LISTED RECORDS: Begin
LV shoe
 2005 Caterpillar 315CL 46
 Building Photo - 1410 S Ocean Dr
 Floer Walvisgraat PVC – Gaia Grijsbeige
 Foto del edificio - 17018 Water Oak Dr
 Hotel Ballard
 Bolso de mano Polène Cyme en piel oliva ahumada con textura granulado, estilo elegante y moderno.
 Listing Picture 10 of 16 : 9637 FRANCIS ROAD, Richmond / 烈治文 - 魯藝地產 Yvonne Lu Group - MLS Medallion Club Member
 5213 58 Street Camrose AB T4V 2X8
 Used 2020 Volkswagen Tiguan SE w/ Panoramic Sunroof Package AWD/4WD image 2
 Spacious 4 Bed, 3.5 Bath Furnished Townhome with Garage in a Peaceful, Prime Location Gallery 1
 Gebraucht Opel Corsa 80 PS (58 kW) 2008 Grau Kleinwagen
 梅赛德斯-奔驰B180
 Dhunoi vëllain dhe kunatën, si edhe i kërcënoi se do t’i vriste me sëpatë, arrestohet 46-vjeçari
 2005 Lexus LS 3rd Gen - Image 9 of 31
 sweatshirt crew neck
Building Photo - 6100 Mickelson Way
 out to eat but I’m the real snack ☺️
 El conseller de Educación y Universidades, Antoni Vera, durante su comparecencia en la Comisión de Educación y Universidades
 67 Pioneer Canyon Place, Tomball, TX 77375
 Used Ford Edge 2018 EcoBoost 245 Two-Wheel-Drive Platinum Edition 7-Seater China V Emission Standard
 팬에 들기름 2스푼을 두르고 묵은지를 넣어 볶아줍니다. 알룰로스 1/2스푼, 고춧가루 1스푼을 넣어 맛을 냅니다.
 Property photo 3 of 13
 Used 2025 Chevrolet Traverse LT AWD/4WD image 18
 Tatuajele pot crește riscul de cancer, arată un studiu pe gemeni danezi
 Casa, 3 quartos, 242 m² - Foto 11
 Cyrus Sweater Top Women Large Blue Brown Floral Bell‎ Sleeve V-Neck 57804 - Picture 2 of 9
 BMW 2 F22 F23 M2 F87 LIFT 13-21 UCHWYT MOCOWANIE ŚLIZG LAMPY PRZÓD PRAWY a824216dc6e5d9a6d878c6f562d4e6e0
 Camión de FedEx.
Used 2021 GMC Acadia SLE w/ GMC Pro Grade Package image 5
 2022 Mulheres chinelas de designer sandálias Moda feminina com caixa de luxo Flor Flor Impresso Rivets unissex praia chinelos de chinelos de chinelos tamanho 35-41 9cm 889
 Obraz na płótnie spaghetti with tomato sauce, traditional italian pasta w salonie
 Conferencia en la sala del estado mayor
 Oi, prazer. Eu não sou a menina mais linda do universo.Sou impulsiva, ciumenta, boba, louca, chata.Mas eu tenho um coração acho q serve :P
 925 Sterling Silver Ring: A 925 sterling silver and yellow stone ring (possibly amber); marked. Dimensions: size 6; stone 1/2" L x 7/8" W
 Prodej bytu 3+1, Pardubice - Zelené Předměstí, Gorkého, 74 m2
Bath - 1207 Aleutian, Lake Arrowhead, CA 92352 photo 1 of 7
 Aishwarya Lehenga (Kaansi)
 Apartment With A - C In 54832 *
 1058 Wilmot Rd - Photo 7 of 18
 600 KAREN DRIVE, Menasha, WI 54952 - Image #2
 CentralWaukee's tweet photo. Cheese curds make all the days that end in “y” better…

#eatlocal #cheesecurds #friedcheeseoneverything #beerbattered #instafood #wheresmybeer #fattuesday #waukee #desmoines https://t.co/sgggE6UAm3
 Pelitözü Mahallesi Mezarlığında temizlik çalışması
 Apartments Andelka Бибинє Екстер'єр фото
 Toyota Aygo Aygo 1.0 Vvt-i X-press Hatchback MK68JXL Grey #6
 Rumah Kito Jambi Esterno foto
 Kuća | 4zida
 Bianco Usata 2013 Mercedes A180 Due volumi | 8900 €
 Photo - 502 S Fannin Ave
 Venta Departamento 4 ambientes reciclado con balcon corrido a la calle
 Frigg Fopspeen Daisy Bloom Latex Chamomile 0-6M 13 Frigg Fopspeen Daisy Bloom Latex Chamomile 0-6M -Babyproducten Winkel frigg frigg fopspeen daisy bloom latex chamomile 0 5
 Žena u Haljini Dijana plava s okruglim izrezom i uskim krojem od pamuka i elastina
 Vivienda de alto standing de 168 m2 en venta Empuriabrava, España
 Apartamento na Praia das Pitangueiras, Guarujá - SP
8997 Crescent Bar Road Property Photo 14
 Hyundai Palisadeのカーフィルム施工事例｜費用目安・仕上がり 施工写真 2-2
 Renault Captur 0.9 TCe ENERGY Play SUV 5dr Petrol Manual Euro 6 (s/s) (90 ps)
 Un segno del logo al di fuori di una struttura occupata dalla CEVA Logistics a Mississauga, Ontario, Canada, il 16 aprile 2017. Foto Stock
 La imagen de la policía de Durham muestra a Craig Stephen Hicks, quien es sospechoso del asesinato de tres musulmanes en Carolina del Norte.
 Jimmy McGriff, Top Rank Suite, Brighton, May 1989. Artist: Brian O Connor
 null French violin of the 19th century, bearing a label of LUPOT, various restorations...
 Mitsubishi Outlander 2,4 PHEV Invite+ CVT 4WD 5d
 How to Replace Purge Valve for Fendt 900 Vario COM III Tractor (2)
LISTED RECORDS: End
Since only part of the listing is wanted, copy exactly the lines from the one holding "Building Photo - 1410 S Ocean Dr" to the one holding "5213 58 Street Camrose AB T4V 2X8", both included.

**RESPONSE:**
 Building Photo - 1410 S Ocean Dr
 Floer Walvisgraat PVC – Gaia Grijsbeige
 Foto del edificio - 17018 Water Oak Dr
 Hotel Ballard
 Bolso de mano Polène Cyme en piel oliva ahumada con textura granulado, estilo elegante y moderno.
 Listing Picture 10 of 16 : 9637 FRANCIS ROAD, Richmond / 烈治文 - 魯藝地產 Yvonne Lu Group - MLS Medallion Club Member
 5213 58 Street Camrose AB T4V 2X8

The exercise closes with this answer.